*** Opening Recorded data ***
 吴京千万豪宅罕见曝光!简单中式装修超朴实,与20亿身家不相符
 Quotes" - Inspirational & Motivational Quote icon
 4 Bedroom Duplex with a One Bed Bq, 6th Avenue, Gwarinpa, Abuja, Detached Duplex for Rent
*** Closing Recorded data ***
Hand back the whole listing, exactly as it is.

 吴京千万豪宅罕见曝光!简单中式装修超朴实,与20亿身家不相符
 Quotes" - Inspirational & Motivational Quote icon
 4 Bedroom Duplex with a One Bed Bq, 6th Avenue, Gwarinpa, Abuja, Detached Duplex for Rent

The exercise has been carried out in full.